■ **DATA RECORDS**
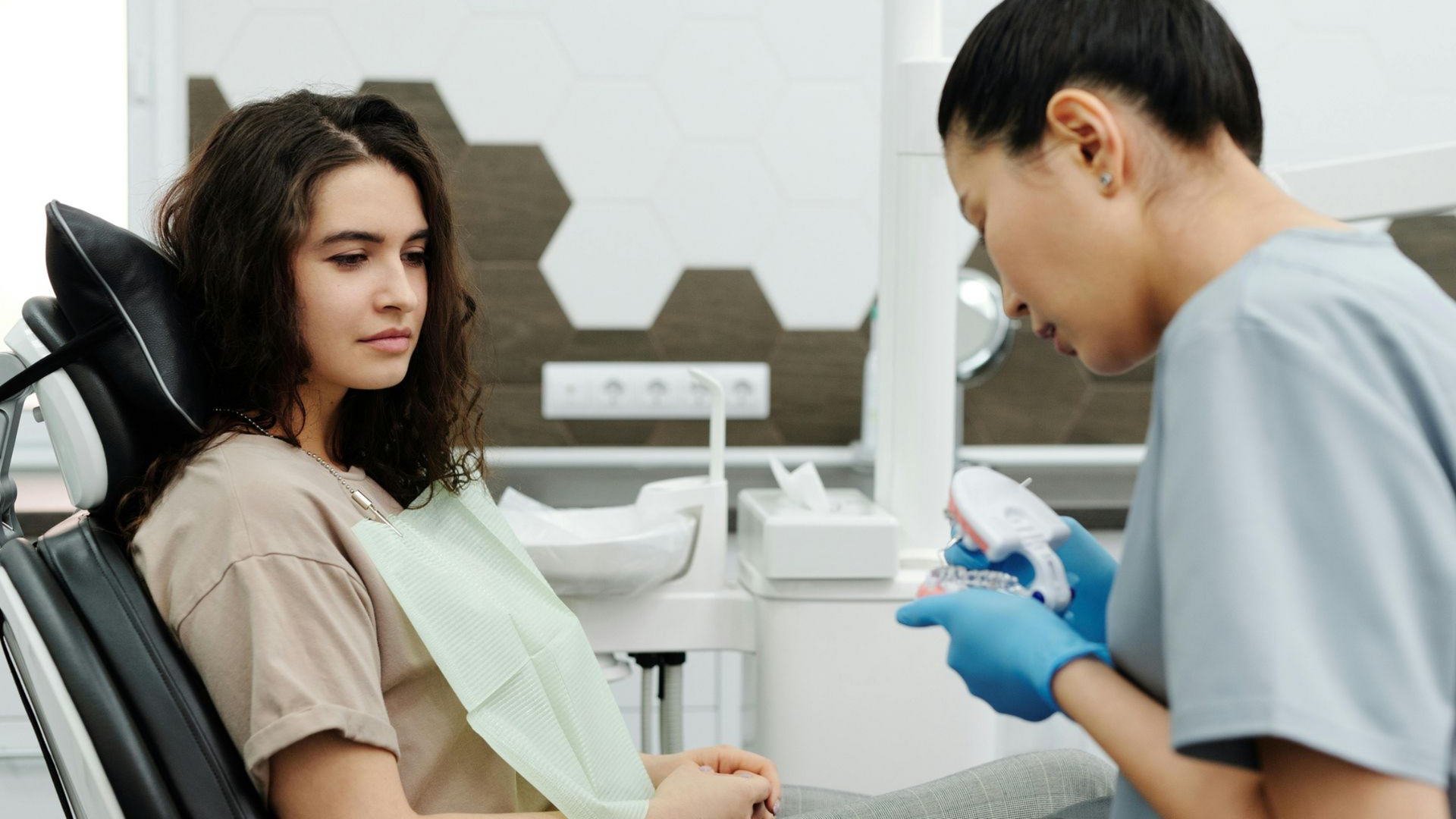 Dentist holding a model of teeth, showing a patient and discussing the details of the treatment
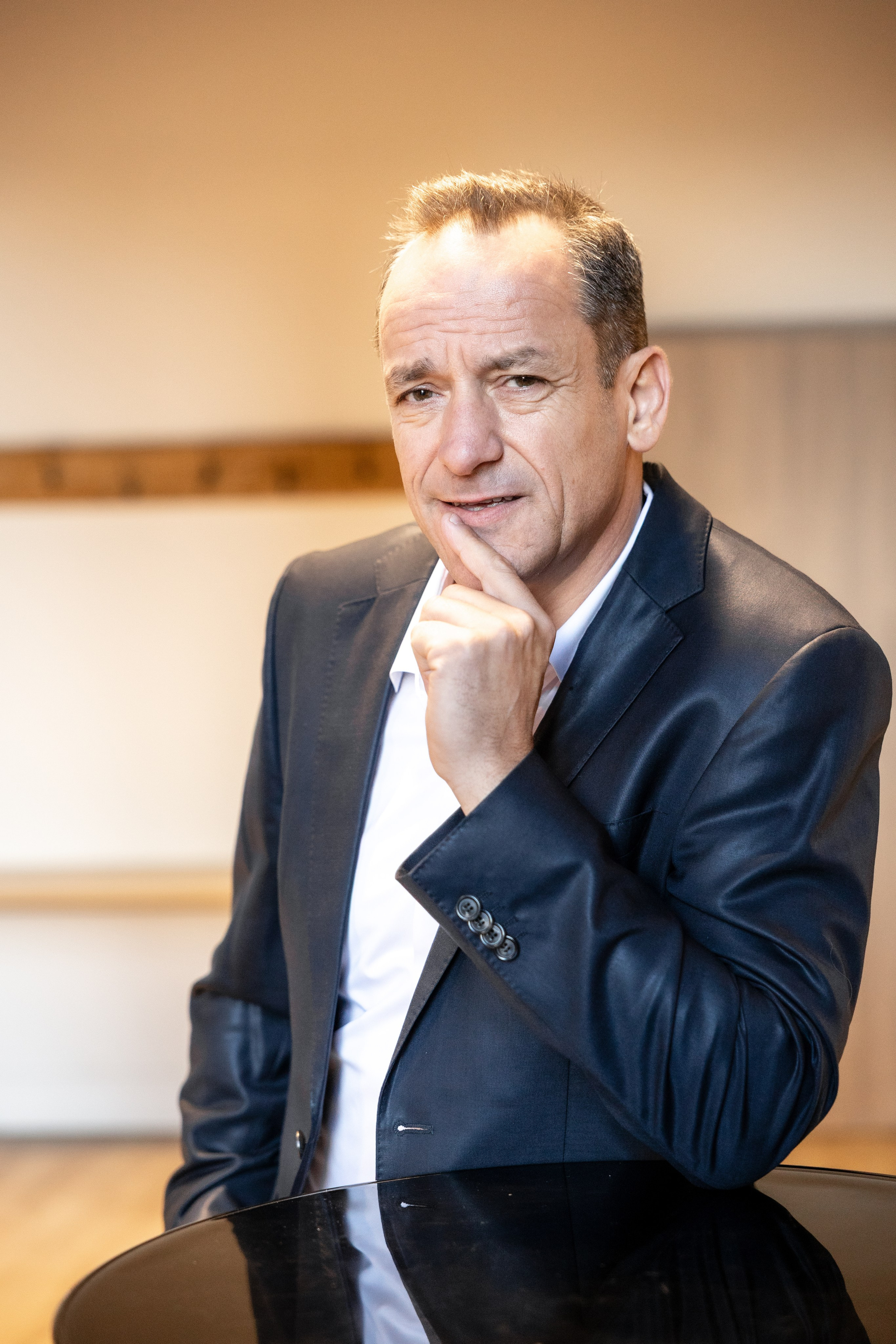 Сorporate portrait of a business leader in an office setting, personal branding photography for executive use.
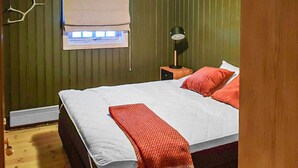 Ein Schlafzimmer mit einem Bett, einem Nachttisch mit Lampe, einem Fenster mit Jalousien und einer Wandleuchte.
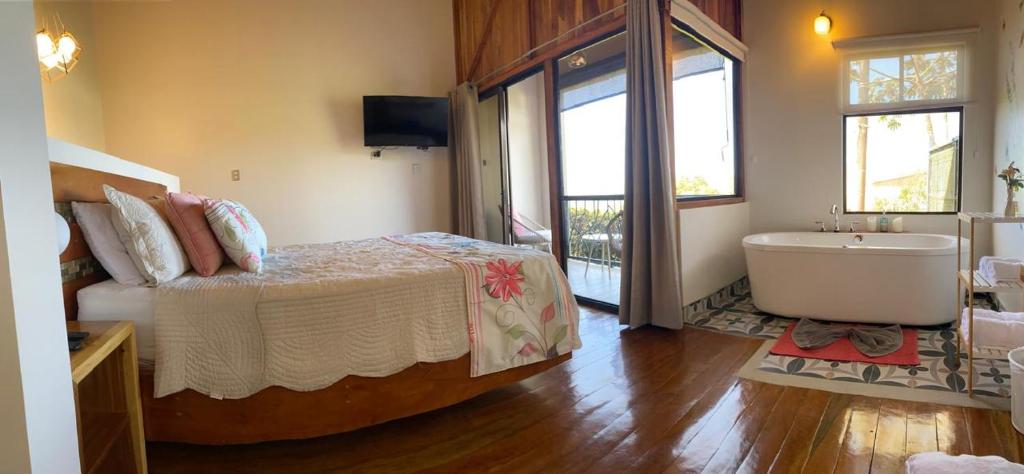a bedroom with a bed and a bath tub and a tub at Villas Flakis, Luna in Monteverde Costa Rica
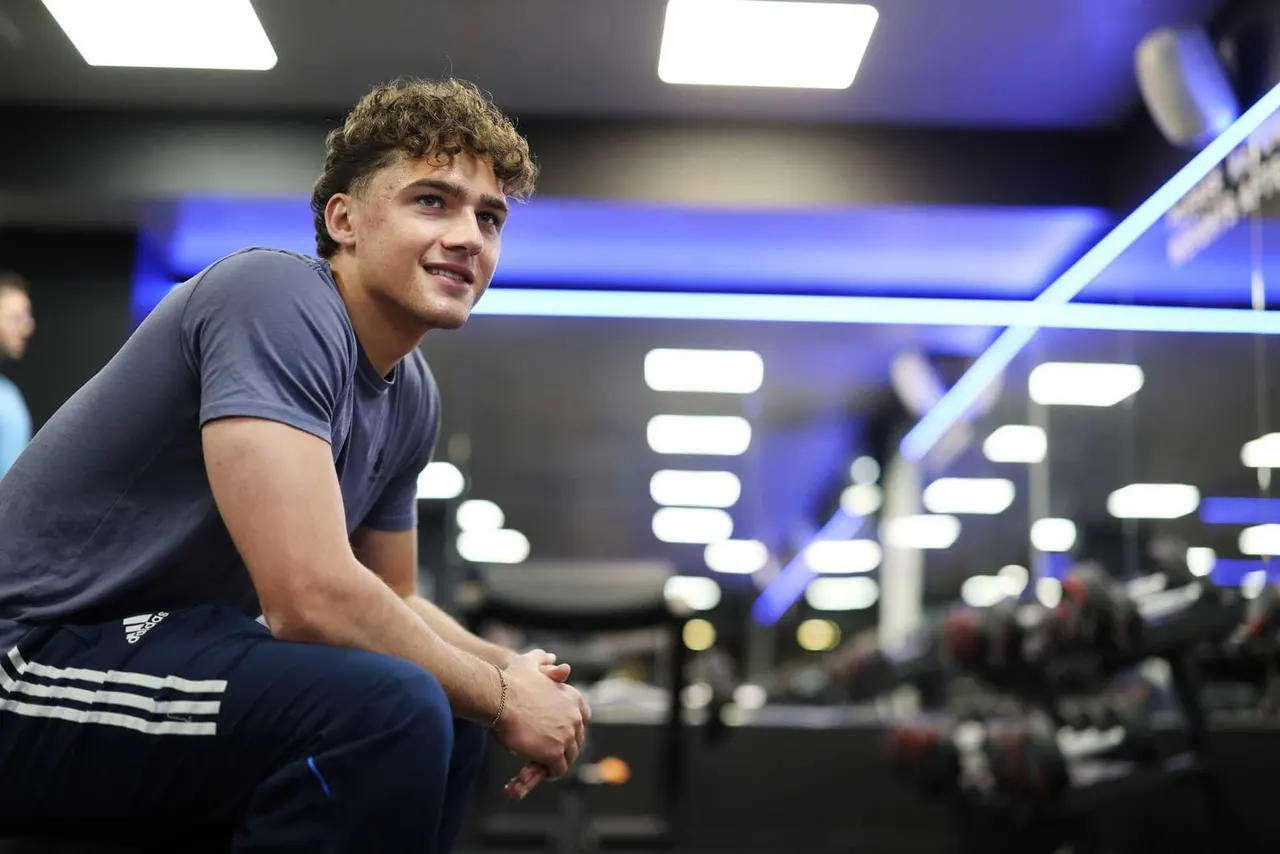 Young man crouching inside a modern sports facility with blue lighting and other people in the background.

■ **PROBLEM STATEMENT**
If a line holds a picture, skip the picture and transcribe the rest of the material exactly.

■ **ANSWER BOX**
 Dentist holding a model of teeth, showing a patient and discussing the details of the treatment
 Сorporate portrait of a business leader in an office setting, personal branding photography for executive use.
 Ein Schlafzimmer mit einem Bett, einem Nachttisch mit Lampe, einem Fenster mit Jalousien und einer Wandleuchte.
a bedroom with a bed and a bath tub and a tub at Villas Flakis, Luna in Monteverde Costa Rica
 Young man crouching inside a modern sports facility with blue lighting and other people in the background.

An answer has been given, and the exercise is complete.